Both ML and yourselves want to affiliate and I would be made up if you were in the SLP, but at the same time we are trying to build a party not an affiliation of groups.
We’ve applied to affiliate because the constitution already has an affiliate structure. Now I am in favour of a democratic centralist party, but am willing to work in a disciplined way in a federal-type party to further the struggle for working class organ-isation and socialism. The constitution allows some groups to affiliate and not others.
I do fundamentally agree that all of us who have the same objectives need to come together.
The SLP initially gave that opportunity, as with the formation of the CPGB when different groups came together to thrash out their disagreements and form one party. That opportunity was set back when the SLP then set itself up in separation to the other existing revolutionary organ-isations.
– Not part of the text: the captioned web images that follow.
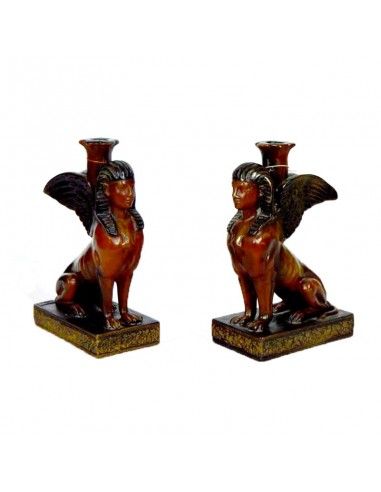 PORTAVELAS CON FIGURA EGIPCIAS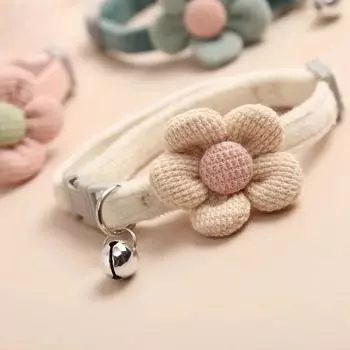 Cat and dog collar flower cat and dog pet collar bell small and medium-sized cat and dog cat collar cute kitten accessories белый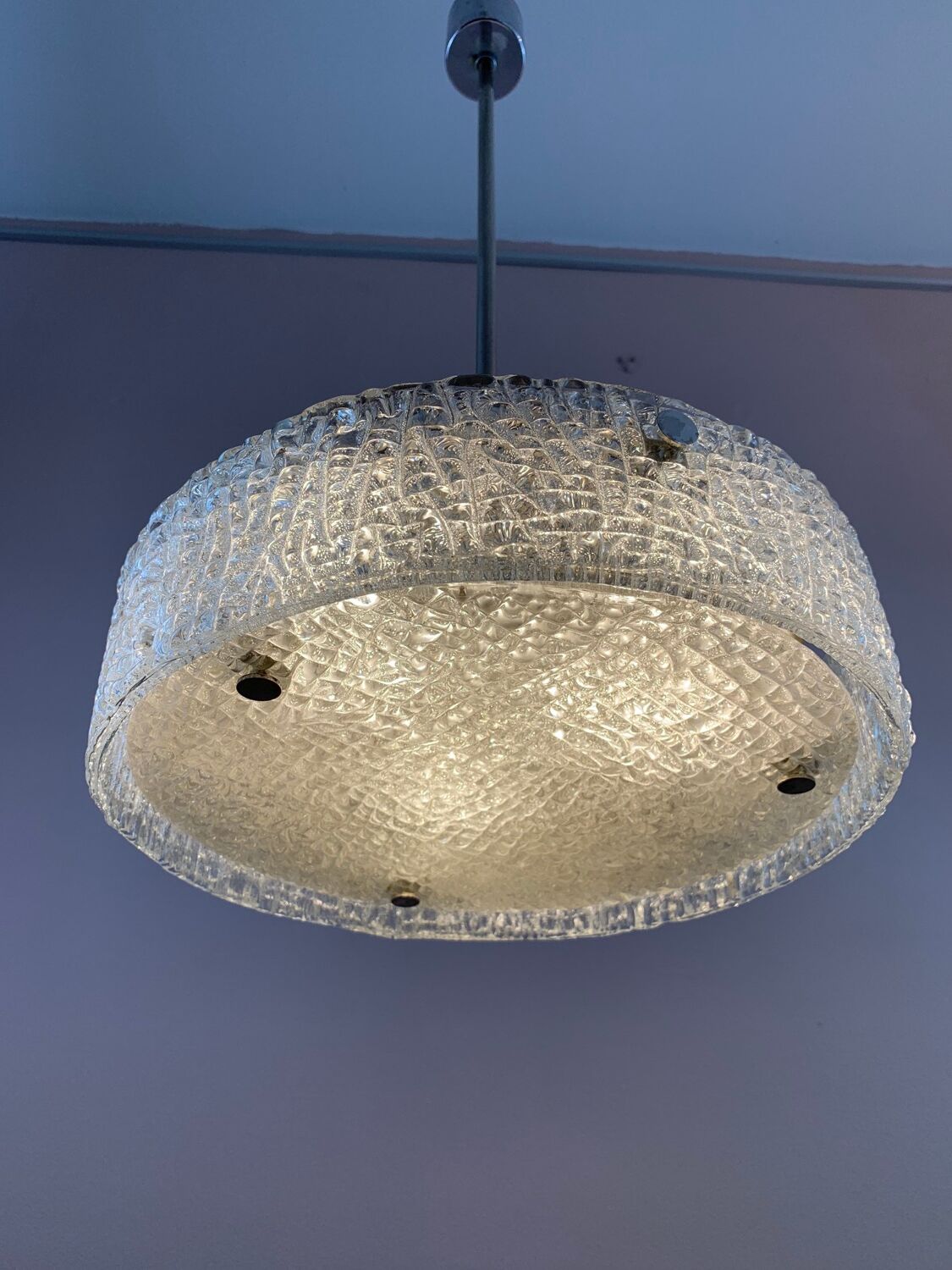 Suspension en verre texturé du Kaiser Leuchten allemand, années 1960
In the dockers’ struggle I accept majority decisions, even if I don’t agree with them, as the groups which formed the CPGB did, but I do not think the conditions exist for organisations to come together and accept that discipline at the moment. The divisions run too deep. Good socialists in some groups still talk about the Soviet Union as if it still exists. They’re not living in the reality of today and facing those tasks.
That is the problem we have tried to address by arguing that socialists should come together around a common programme of action for today and as long as that discipline exists differing views can be argued out. I’m not saying that is an easy move for the left to make, but certainly one that should be fought for.
I certainly hope those discussion amongst the various groups do and will go on. There will be a lot of discontent under a Labour government. At the moment we are still up against the argument that we must get rid of the Tories, but the situation will be much more volatile after the election.
Having said that, I agree that we must bring together the best fighters for the class now and many of them are in existing organisations. ML is particularly strong in Liverpool. But we do have an ideological problem. I think ML and yourselves should join and maybe that means affiliation. Then ideological differences can be discussed and changed in the CSLPs and at conference.
There is no doubt that elements of the constitution need to be examined carefully and maybe changed. I have been recruited to the principle of the SLP and have not examined the constitution in detail: for example, the year’s residency clause in the constitution is being opposed and needs to be examined.
But we need a democratic centralist party that is strong through democracy and can educate and develop our class politically building on that politicisation which takes place in economic struggle. I have been in the wilderness since the Democratic Left was formed. I did not leave the CPGB really: it left me. Unfortunately I did not know of your organisation. I’m interested in forging a party that can transform society and that’s the chance I see with the SLP.
Nobody wants a Labour Party Mark II or another bureaucratic organisation. The membership will ensure that does not happen.
Do you think there is an argument to be had about the nature of the transformation of society. Some people for instance want to stop at socialism, whereas I see it as a transitional stage towards communism and the full liberation of humanity?
I agree with that, but at the moment we are fighting for the transition, and that means state power and the control of the economy. We have learnt from the Soviet Union that the transition to communism must be international. Socialism in Britain cannot exist on its own. It is a struggle against imperialism, which is a revolutionary one. The SLP says that parliament is there to be used, but does not say that it can bring socialism.
The dockers have already shown there is a basis for internationalism, but it has to be organised politically as well. We have to raise the sights of the working class far beyond the limits of just another Labour government.